Short web captions
□ □ □ □
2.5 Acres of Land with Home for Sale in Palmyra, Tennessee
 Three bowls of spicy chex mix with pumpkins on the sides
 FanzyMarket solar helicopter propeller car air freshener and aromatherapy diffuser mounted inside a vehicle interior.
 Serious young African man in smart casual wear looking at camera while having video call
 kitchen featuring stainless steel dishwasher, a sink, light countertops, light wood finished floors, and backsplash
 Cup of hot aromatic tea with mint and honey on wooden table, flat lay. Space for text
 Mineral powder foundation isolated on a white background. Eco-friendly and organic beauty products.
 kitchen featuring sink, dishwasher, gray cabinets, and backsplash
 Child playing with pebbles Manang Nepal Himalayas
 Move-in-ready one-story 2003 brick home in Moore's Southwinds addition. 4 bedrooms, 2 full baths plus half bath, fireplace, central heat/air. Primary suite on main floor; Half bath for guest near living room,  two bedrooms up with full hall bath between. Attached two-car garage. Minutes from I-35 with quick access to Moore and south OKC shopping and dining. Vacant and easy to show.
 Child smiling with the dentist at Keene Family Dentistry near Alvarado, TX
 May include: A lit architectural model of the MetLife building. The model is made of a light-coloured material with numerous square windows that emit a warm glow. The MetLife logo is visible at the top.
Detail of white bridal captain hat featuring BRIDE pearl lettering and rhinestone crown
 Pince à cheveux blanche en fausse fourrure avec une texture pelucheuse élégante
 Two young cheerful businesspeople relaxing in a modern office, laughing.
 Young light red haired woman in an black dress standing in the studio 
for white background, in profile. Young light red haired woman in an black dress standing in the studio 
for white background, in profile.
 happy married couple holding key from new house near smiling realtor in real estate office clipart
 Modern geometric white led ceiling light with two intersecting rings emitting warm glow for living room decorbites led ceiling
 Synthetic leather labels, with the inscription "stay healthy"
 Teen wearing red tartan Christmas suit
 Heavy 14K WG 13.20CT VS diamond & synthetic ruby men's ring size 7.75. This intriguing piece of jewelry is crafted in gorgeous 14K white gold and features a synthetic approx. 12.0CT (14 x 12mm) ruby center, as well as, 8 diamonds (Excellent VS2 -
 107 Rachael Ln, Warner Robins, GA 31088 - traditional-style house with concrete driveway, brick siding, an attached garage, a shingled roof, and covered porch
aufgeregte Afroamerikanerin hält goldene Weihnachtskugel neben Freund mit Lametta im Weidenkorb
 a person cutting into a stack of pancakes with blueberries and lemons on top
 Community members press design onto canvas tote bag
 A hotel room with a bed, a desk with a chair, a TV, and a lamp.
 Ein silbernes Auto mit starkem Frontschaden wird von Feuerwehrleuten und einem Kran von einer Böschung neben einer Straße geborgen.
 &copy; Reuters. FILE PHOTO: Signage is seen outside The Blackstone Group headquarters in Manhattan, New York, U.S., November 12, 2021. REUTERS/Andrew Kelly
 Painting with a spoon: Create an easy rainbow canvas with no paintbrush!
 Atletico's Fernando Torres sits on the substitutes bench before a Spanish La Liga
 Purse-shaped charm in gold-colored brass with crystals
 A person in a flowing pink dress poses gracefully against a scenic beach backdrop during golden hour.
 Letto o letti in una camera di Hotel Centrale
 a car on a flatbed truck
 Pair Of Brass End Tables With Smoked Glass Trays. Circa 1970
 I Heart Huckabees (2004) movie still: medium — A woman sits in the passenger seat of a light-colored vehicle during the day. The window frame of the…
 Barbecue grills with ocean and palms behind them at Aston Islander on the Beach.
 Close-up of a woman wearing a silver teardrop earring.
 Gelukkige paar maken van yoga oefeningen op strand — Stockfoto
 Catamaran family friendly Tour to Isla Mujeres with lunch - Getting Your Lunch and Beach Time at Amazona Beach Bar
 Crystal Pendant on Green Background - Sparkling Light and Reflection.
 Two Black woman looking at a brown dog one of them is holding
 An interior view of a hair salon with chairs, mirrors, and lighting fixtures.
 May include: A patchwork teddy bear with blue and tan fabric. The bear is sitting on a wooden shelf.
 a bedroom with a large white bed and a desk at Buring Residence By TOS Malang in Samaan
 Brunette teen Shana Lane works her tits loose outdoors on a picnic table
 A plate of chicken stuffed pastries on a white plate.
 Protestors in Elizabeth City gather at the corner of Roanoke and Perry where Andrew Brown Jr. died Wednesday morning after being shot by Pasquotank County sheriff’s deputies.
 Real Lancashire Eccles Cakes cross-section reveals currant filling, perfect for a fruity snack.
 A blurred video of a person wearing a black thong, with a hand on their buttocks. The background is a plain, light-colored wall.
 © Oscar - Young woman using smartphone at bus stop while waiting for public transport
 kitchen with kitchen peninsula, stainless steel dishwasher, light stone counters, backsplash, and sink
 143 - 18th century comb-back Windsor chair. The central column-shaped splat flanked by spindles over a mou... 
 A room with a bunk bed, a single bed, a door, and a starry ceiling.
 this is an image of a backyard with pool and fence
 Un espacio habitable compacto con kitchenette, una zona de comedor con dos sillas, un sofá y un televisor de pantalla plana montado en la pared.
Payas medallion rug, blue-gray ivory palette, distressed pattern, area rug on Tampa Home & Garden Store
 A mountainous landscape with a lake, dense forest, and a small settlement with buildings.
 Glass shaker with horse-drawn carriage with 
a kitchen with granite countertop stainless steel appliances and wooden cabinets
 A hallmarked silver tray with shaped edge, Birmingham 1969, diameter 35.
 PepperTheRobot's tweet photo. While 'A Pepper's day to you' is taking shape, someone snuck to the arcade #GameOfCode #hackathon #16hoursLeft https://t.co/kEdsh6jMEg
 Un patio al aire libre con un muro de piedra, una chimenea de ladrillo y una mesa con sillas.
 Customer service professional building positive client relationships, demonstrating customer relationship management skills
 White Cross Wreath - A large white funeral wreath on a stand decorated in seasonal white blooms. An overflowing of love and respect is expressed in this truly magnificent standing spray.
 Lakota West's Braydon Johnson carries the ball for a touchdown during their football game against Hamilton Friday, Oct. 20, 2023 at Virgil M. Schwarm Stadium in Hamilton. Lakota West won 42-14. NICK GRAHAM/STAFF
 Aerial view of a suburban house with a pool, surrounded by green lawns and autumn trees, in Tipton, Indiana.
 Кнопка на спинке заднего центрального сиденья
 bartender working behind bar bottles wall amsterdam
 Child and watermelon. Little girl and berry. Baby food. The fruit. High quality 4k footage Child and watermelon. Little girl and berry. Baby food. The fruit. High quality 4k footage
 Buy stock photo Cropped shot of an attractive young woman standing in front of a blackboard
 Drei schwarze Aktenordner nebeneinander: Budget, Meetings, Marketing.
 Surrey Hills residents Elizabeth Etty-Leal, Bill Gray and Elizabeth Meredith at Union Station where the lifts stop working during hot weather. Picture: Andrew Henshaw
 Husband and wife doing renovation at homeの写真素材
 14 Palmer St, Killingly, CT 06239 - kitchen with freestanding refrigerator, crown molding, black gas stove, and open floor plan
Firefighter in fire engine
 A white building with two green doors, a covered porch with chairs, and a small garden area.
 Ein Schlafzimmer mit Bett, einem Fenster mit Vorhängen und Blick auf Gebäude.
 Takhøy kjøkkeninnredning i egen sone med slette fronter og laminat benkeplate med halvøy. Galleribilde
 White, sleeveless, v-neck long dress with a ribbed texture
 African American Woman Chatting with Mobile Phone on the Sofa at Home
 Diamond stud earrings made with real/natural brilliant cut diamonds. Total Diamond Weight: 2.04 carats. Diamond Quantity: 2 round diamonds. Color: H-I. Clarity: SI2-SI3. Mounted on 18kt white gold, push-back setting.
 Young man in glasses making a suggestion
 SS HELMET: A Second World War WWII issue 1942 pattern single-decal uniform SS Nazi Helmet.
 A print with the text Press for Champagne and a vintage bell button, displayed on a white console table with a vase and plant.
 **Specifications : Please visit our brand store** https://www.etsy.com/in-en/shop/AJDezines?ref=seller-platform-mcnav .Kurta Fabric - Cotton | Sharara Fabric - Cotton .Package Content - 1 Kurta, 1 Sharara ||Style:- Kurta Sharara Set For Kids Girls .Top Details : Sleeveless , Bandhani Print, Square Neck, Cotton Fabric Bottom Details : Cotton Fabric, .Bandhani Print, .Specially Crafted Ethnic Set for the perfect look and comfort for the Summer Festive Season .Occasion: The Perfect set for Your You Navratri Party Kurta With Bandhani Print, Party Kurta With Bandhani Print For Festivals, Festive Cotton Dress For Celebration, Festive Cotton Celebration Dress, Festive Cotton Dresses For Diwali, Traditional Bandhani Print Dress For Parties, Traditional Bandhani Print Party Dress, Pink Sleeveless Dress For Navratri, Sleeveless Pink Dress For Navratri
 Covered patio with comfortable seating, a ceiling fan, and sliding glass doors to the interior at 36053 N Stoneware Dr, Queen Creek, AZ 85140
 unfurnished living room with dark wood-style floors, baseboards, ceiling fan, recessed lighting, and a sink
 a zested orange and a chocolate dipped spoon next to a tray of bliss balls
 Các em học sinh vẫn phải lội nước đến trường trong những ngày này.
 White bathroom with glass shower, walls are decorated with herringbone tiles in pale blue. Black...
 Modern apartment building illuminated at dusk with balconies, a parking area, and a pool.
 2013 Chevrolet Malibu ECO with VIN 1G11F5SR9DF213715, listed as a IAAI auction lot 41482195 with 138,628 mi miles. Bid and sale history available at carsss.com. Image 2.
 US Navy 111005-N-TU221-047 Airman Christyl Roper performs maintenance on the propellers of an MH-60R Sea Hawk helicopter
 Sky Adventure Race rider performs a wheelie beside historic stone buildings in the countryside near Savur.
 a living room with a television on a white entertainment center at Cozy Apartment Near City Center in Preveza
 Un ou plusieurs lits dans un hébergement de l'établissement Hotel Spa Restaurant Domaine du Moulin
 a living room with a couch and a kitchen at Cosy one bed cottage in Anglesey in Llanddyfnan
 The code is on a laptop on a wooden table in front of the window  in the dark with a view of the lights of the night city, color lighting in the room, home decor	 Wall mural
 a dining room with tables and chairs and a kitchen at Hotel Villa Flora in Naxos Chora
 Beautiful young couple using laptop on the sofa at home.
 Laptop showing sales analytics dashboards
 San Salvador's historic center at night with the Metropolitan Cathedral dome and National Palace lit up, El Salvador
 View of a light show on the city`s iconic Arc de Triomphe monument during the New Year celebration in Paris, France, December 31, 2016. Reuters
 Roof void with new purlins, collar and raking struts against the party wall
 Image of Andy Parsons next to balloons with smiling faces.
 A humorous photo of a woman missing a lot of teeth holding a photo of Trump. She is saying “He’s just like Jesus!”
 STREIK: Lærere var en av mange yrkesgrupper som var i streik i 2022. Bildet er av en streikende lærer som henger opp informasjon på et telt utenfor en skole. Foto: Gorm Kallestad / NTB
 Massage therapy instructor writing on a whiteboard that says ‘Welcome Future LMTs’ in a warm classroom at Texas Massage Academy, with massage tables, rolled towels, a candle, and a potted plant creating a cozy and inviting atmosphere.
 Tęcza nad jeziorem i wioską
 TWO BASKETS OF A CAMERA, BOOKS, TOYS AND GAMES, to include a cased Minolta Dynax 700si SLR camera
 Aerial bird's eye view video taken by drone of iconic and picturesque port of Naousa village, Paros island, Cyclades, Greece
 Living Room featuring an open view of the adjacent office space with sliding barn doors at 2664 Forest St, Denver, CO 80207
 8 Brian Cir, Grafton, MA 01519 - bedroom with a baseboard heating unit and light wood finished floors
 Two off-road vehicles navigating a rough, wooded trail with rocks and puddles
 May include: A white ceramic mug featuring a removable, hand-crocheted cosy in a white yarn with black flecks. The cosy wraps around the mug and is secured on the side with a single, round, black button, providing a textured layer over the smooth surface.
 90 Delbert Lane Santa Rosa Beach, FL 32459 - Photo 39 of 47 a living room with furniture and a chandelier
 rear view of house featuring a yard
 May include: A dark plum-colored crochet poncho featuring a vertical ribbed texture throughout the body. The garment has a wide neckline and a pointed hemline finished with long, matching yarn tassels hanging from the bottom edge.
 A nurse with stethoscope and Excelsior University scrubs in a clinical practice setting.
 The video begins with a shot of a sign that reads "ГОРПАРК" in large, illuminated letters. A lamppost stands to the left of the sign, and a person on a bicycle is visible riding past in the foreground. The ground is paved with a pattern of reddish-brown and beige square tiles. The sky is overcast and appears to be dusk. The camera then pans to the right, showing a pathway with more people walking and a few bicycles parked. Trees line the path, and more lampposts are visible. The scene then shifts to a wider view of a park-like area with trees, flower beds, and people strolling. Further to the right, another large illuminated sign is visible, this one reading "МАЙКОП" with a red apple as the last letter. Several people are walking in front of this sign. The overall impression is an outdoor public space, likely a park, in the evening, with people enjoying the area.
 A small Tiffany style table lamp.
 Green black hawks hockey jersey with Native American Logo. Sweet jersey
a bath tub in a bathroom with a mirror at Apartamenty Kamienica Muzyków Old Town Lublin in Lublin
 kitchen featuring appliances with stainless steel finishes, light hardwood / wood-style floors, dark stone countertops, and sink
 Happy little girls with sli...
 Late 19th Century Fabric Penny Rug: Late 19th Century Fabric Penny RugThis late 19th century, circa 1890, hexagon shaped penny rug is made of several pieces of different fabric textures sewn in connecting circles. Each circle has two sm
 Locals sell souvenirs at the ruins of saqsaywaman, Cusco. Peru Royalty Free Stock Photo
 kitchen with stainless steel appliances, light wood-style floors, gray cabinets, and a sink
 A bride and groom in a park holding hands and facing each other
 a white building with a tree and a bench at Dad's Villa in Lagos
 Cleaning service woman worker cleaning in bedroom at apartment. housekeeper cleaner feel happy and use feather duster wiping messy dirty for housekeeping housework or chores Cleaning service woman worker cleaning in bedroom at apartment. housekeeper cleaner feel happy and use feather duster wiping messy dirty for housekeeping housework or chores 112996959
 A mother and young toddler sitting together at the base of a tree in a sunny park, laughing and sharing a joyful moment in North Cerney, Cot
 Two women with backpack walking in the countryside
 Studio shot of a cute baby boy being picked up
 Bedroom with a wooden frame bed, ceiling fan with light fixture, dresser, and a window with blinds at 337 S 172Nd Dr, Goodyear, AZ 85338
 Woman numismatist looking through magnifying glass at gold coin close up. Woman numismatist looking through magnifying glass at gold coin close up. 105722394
□ □ □ □
What is needed> What you return should be exactly the lines above, starting at the one with "Young man in glasses making a suggestion" and ending at the one with "2013 Chevrolet Malibu", and nothing else.

Your solution>
 Young man in glasses making a suggestion
 SS HELMET: A Second World War WWII issue 1942 pattern single-decal uniform SS Nazi Helmet.
 A print with the text Press for Champagne and a vintage bell button, displayed on a white console table with a vase and plant.
 **Specifications : Please visit our brand store** https://www.etsy.com/in-en/shop/AJDezines?ref=seller-platform-mcnav .Kurta Fabric - Cotton | Sharara Fabric - Cotton .Package Content - 1 Kurta, 1 Sharara ||Style:- Kurta Sharara Set For Kids Girls .Top Details : Sleeveless , Bandhani Print, Square Neck, Cotton Fabric Bottom Details : Cotton Fabric, .Bandhani Print, .Specially Crafted Ethnic Set for the perfect look and comfort for the Summer Festive Season .Occasion: The Perfect set for Your You Navratri Party Kurta With Bandhani Print, Party Kurta With Bandhani Print For Festivals, Festive Cotton Dress For Celebration, Festive Cotton Celebration Dress, Festive Cotton Dresses For Diwali, Traditional Bandhani Print Dress For Parties, Traditional Bandhani Print Party Dress, Pink Sleeveless Dress For Navratri, Sleeveless Pink Dress For Navratri
 Covered patio with comfortable seating, a ceiling fan, and sliding glass doors to the interior at 36053 N Stoneware Dr, Queen Creek, AZ 85140
 unfurnished living room with dark wood-style floors, baseboards, ceiling fan, recessed lighting, and a sink
 a zested orange and a chocolate dipped spoon next to a tray of bliss balls
 Các em học sinh vẫn phải lội nước đến trường trong những ngày này.
 White bathroom with glass shower, walls are decorated with herringbone tiles in pale blue. Black...
 Modern apartment building illuminated at dusk with balconies, a parking area, and a pool.
 2013 Chevrolet Malibu ECO with VIN 1G11F5SR9DF213715, listed as a IAAI auction lot 41482195 with 138,628 mi miles. Bid and sale history available at carsss.com. Image 2.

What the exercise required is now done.